Yiftach originally captured the position of Khirbet Mahaz on September 29–30, and on September 30, an Egyptian force under Gamal Abdel Nasser retook it. Yiftach returned on the night of October 1–2 (finding the place empty), and in the following two days managed to repel Egyptian assaults backed by armor and artillery. On October 4, the Egyptians unleashed a heavy barrage of the area and a mechanized force from the 4th Brigade again captured the position. On the same day, the Israelis returned and took it once more. The Egyptians bombarded the position with eight Supermarine Spitfire aircraft on October 5, managing to disrupt Yiftach's forward headquarters at Tell al-Najjila just southwest, but did not dislodge the forces at Khirbet Mahaz.
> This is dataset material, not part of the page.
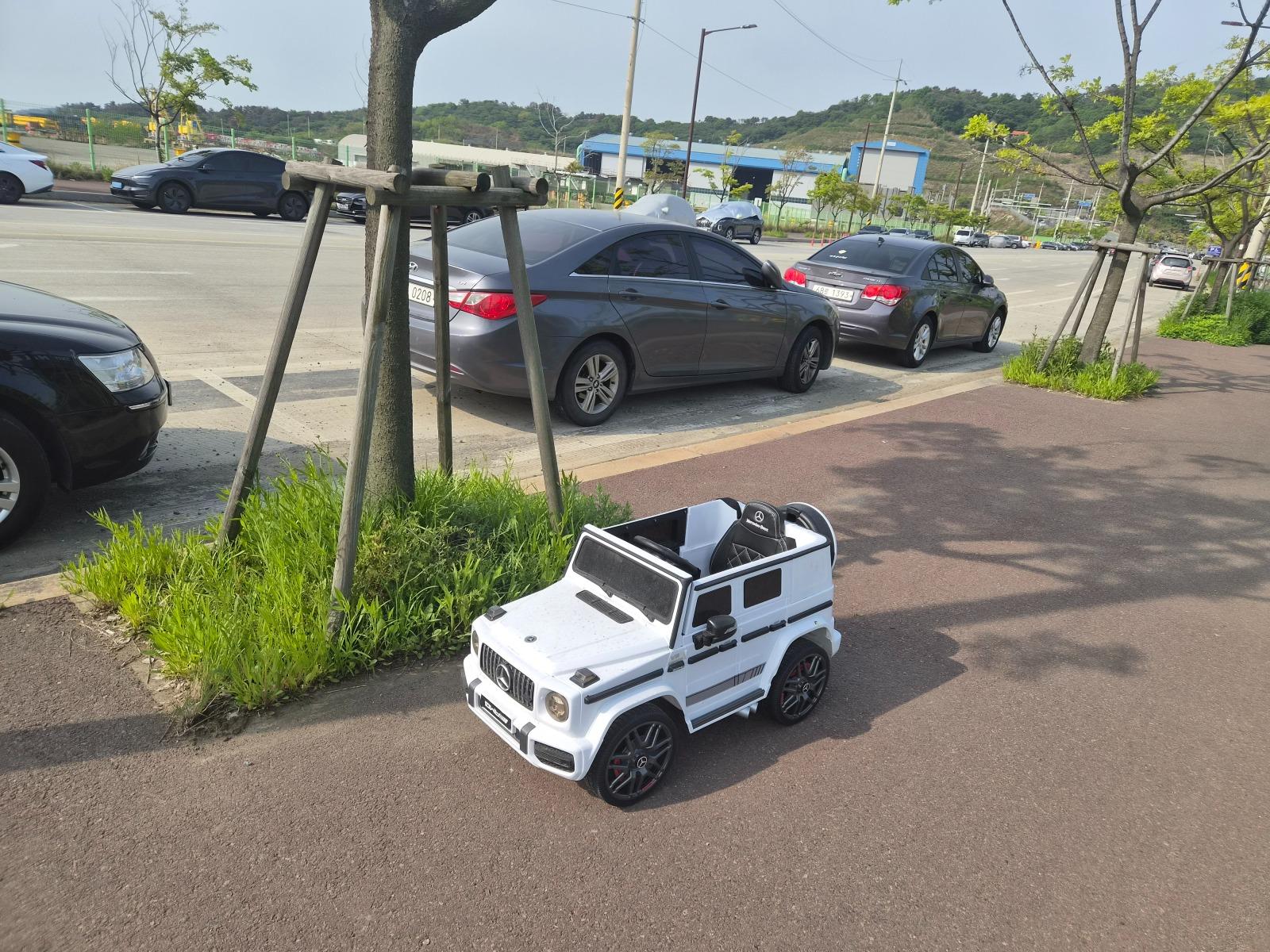 37245.jpg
Egypt renewed its assault on October 6, when twelve armored vehicles backed by infantry attacked Khirbet Mahaz from the north. Israeli field artillery was deployed in Tell al-Najjila in order to help halt the advance. The Egyptians stopped about 150 m away from the position and attempted to encircle it with 2 inch mortar teams. The Israelis sent a half-track force (one of them mounting a cannon) to intercept the attack, including another encirclement attempt. They managed to destroy two Egyptian vehicles. In the afternoon, the Egyptians retreated and took up positions 1.5 km north of Khirbet Mahaz.

==Aftermath==
Operation Avak was a success and relieved the besieged Israeli forces in the Negev, allowing them to play an active role in Operation Yoav, when a permanent land corridor with the rest of Israel was opened. It significantly raised their morale and fighting ability, as many of the troops had been stranded in the Negev for eight months.

The operation led to the transformation of the Negev Brigade, which was completely re-supplied (having left their supplies to the Yiftach Brigade), and gained about 1,000 new soldiers.